> [Try it] Could you output each line below precisely as it stands, without the images?

> [Raw data]

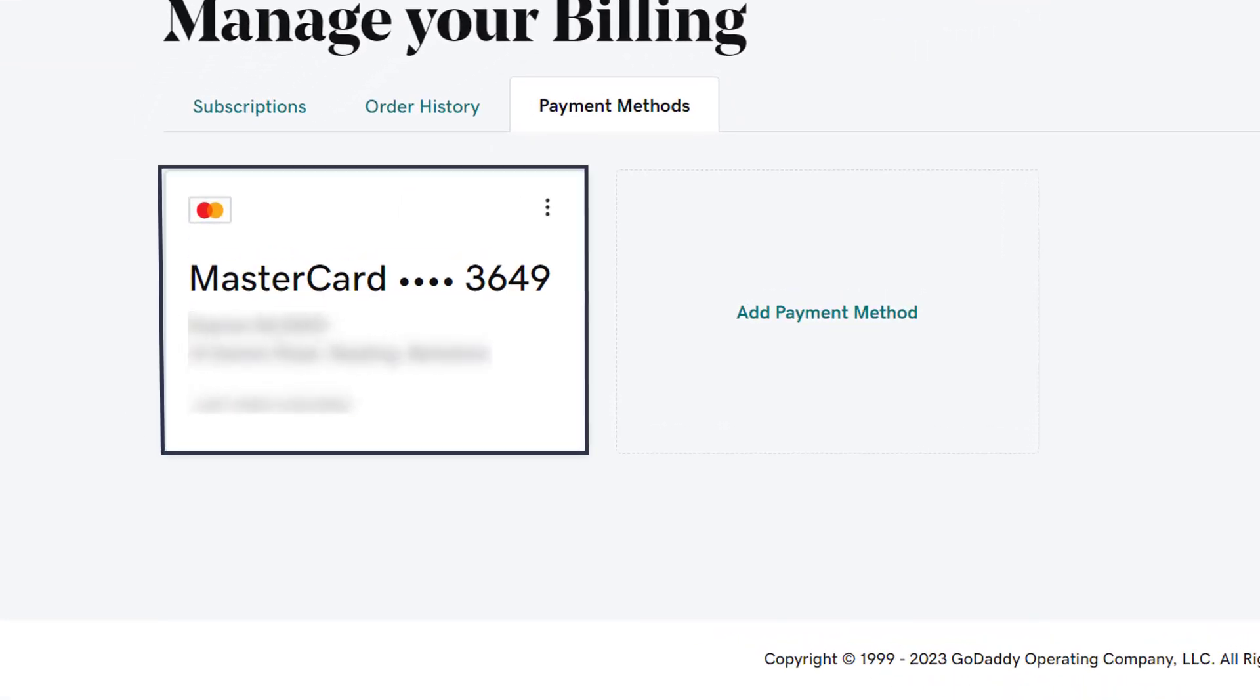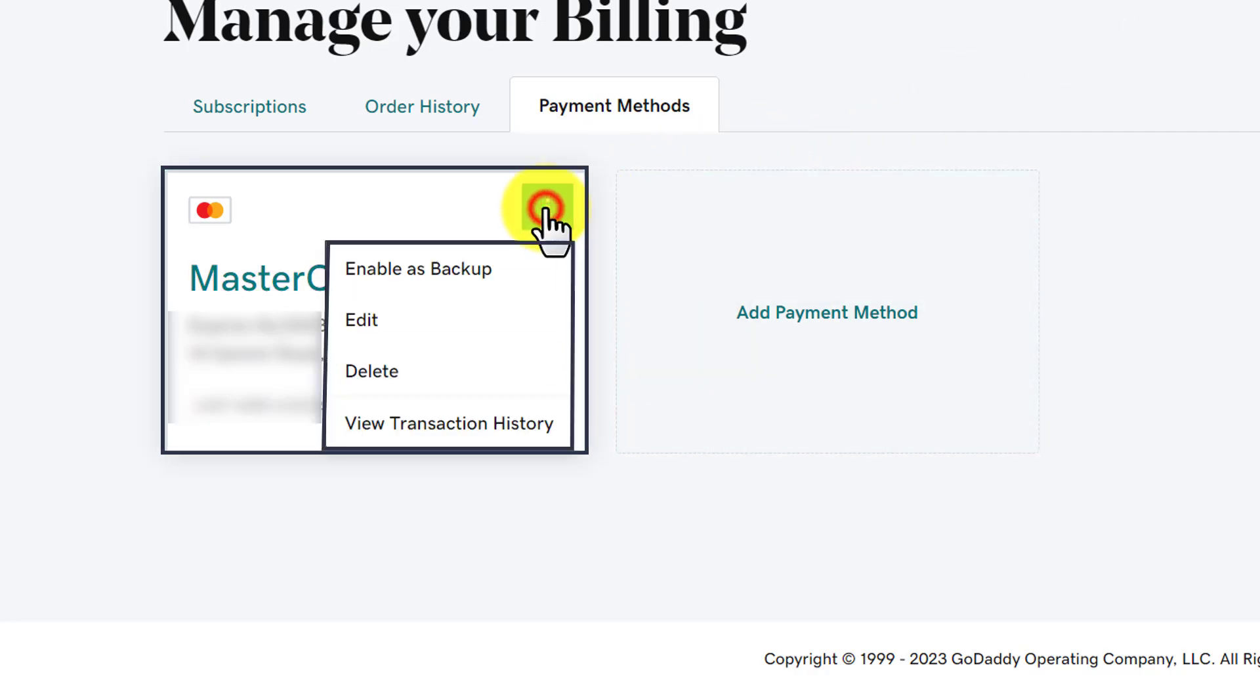Here it will show us the payment methods that are already available. If you want to delete the payment method, just click on this three dot icon and after that just click on delete.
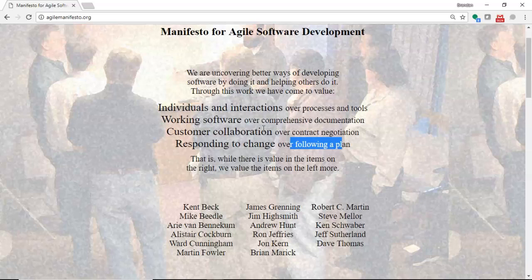Customer collaboration over contract negotiation. So, we want to make sure that the customer understands the processes that we're using and has bought into that.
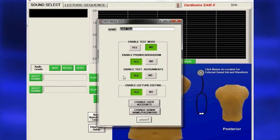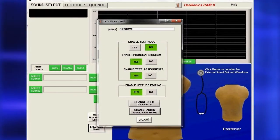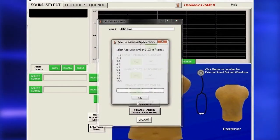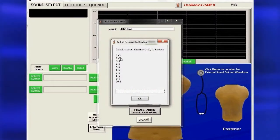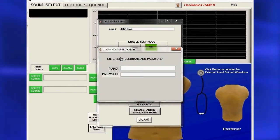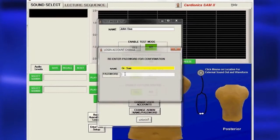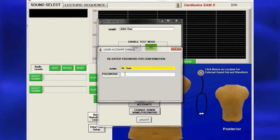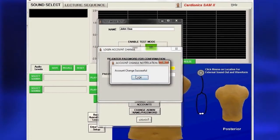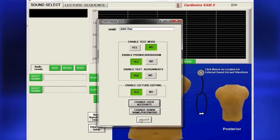To add an instructor, click Change User Accounts, and the Select Account page will appear. From the list of instructors, enter the next available number and press Enter. A dialog will appear for entering the new name and password. You must confirm the password by entering it twice. The new instructor's name will now appear in the list.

> [Answer to this exercise]
Here it will show us the payment methods that are already available. If you want to delete the payment method, just click on this three dot icon and after that just click on delete.
Customer collaboration over contract negotiation. So, we want to make sure that the customer understands the processes that we're using and has bought into that.
To add an instructor, click Change User Accounts, and the Select Account page will appear. From the list of instructors, enter the next available number and press Enter. A dialog will appear for entering the new name and password. You must confirm the password by entering it twice. The new instructor's name will now appear in the list.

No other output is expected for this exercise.